- _AIM OF THE TASK_:
Nothing but the lines from the one with "InnovaGoods Kitchen Food" through the end of the records may appear in the answer, each reproduced exactly, pictures omitted.

%%

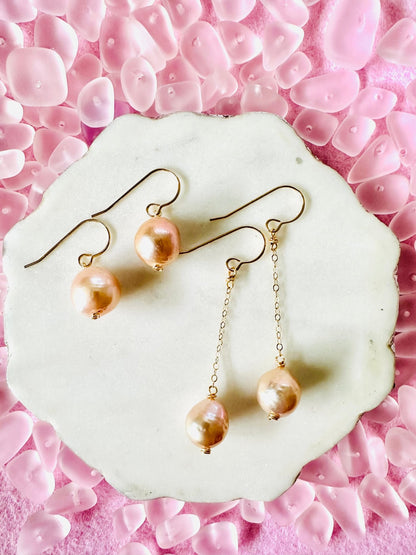 Baroque Pearl Earrings - Lehua Hawaii Jewelry LLC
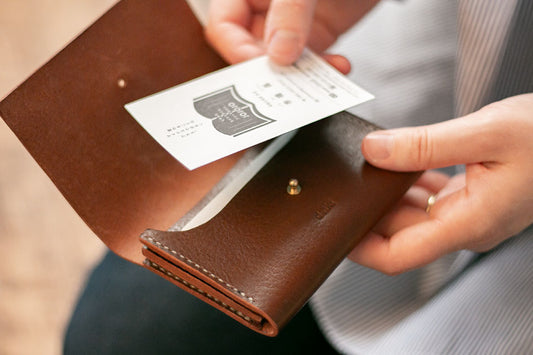 Card holder_brn|名刺入れ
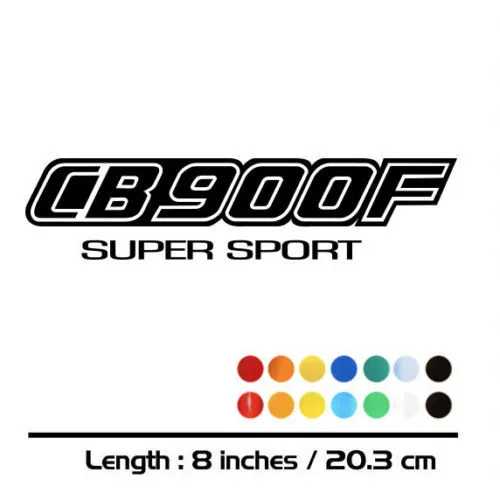 

Наклейка на бензобак для мотоцикла HONDA CB900F, 2 шт.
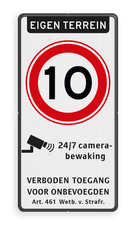 Aluminium informatiebord met een dubbel omgezette rand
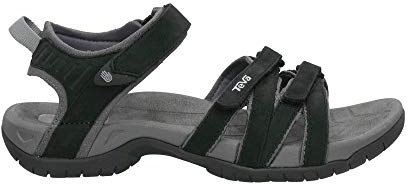 Teva Tirra Leather W's dam sport- och utomhussandaler, svart (svart 513), EU 38, Svart svart 513, 38 EU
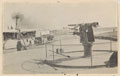 'Our gun on the 'P2'. Malamir in background', Mesopotamia, 1916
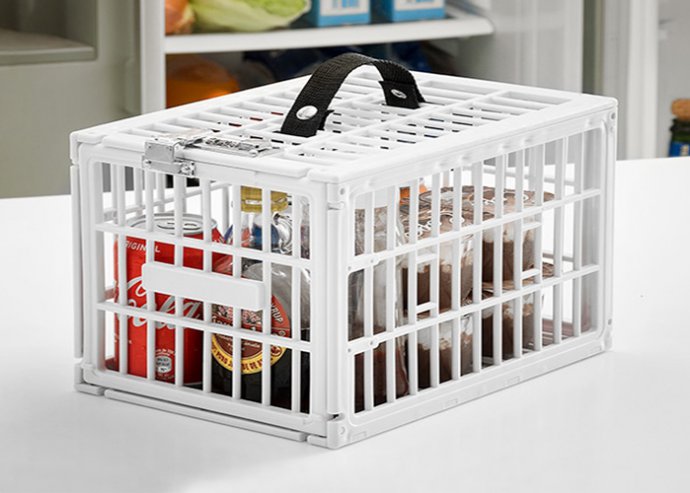 InnovaGoods Kitchen Food Safe Foodies biztonsági tároló hűtőbe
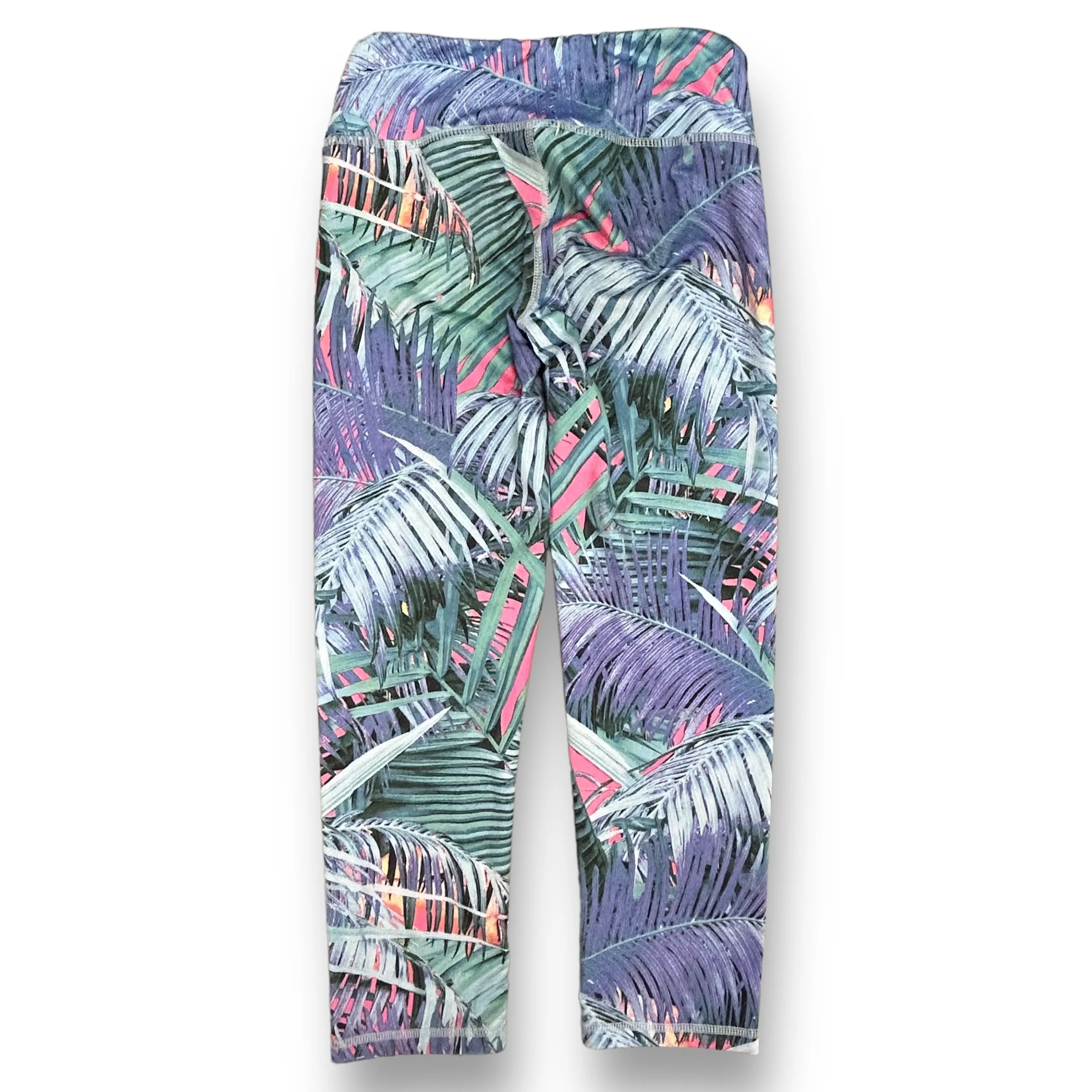 Girls Live Love Dream Size 10/12 L Multi-Color Palm Performance Capri Leggings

%%

- _REPLY_:
 InnovaGoods Kitchen Food Safe Foodies biztonsági tároló hűtőbe
 Girls Live Love Dream Size 10/12 L Multi-Color Palm Performance Capri Leggings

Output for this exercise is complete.